How much of that magic is smoke and mirrors? For example, the First Tech Challenge (from FIRST Robotics) used Tensor Flow to train a library to detect the difference between a white sphere vs a golden cube using a mobile phone's on-board camera.

The first time I saw it, it did seem pretty magical. Then in testing realized it was basically a glorified color sensor.
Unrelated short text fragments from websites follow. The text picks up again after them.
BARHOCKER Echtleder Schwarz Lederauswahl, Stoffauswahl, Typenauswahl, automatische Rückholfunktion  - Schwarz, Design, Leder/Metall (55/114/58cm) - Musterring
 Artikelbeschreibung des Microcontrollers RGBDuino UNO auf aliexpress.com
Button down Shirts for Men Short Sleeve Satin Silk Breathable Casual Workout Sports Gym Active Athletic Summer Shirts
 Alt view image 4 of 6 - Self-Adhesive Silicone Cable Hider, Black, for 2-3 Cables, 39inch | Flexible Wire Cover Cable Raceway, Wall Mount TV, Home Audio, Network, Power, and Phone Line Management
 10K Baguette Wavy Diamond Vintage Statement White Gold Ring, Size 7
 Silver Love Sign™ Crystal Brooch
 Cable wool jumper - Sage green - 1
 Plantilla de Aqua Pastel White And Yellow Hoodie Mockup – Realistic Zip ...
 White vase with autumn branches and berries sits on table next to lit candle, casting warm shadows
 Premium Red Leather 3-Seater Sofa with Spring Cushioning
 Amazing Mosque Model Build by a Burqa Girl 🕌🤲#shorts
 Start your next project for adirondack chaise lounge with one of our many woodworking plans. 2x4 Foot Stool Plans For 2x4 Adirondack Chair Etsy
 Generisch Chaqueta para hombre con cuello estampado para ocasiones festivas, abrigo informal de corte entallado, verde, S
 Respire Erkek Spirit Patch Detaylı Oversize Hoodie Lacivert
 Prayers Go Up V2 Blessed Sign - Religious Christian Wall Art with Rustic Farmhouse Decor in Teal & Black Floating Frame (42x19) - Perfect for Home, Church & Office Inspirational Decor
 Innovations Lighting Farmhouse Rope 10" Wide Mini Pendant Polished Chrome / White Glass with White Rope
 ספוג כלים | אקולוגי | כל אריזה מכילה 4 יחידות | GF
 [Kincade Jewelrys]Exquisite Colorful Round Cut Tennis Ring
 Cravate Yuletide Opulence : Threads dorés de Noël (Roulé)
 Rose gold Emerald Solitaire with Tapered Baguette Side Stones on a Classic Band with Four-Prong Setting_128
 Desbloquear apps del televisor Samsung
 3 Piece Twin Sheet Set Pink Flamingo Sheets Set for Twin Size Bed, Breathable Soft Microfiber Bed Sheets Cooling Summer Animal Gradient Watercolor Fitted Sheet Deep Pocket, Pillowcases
I think these things make for great and astonishing demos but don't hold up to their promise. Happy to hear real-world examples that I can look into though.

3 comments

Even if it were practically useless (which it is not, although the practical applications are less impressive than the research achievements at this point), it would be magical. Deep learning has dominated imagenet for a decade now, for example. One reason this is magical is because the sota models are extremely over parametrized. There exist weights that perform perfectly on the training data but give random answers on the test data [0]. But in practice these degenerate weights are not found during sgd. What's going on there? As far as I know there is no satisfying explanation.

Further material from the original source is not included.